Tue, 22 Jun 2010 Apple iOS 4 review
Useful update for most, but not all, Apple iPhone and iPod touch owners
- Manufacturer: Apple
- Pros: Multitasking features are a welcome addition, lots of great, smaller refinements, zippy performance
- Cons: Holes in multitasking functionality, Mail still lacks flagging and full text search, despite folders, app management still feels clunky, no iPad version yet.
- Min specs: Apple notes: "iOS 4 works with iPhone 4, iPhone 3GS, and iPhone 3G. Not all features are compatible with all devices. For example, multitasking is available only with iPhone 4 and iPhone 3GS." The update is also compatible with the third generation iPod touch. A limited number of features also work with the second generation iPod touch.
- Price: Free
- Star rating:
With three years of major iPhone software versions under its belt, Apple’s strategy for releasing updates has fallen into a recognisable pattern. So far, every release has been anchored by a tentpole feature that many will argue should have been there from the beginning. In iPhone OS 2.0, that was support for third-party apps; in iPhone OS 3.0, it was cut, copy, and paste; now, in the re-branded iOS 4, it’s multitasking.
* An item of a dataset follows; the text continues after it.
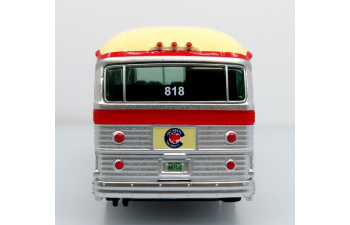 GM PD4104 Coach Continental Trailways (1959), silver/red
Make no mistake, multitasking is the lynchpin of iOS 4; for better or worse, the rest is just window dressing - though welcome window dressing, to be sure.
He tasks me, and I shall have him!
As pedants will no doubt note, the iPhone’s multitasking is actually multitasking with an asterisk. In the company’s preview of the new operating system back in April, it laid out seven specific types of tasks that could run in the background. The combination of these tasks presents a convincing simulacrum of the kind of multitasking you’ll find on a desktop computer, but there are holes in the functionality. For example, Instapaper developer Marco Arment pointed to one of the major gaps not addressed by iOS 4—the ability for applications to grab new data from the network while they’re in the background. So if you’re hoping that iOS 4 means that your RSS reader or Twitter client will be able to download new content while in the background and present it to you when you switch to the app, you’re going to be disappointed. (Arment’s post also presents a potential solution to this problem which I would be surprised if Apple didn’t implement at some point).
For many users, though, the iOS 4’s implementation of multitasking will be good enough. And because Apple’s built the background capabilities into the OS, rather than leaving it up to individual developers, the company’s take on multitasking lets users do multiple things at the same time without chewing through their phones’ battery life. In my admittedly informal tests, multitasking in iOS 4 didn’t seem to drain my iPhone 3GS’s battery any faster than the previous version of the operating system, and I certainly wasn’t holding back on the multitasking.
Multitasking represents the biggest fundamental change to iOS at least since last year’s introduction of cut, copy, and paste—possibly in the history of Apple’s mobile devices. As with those text manipulation features, we’ve grown so accustomed to working without multitasking that it’s likely going to take an adjustment for most users to override that instinctive muscle memory that requires jumping back to the Home screen whenever switching applications.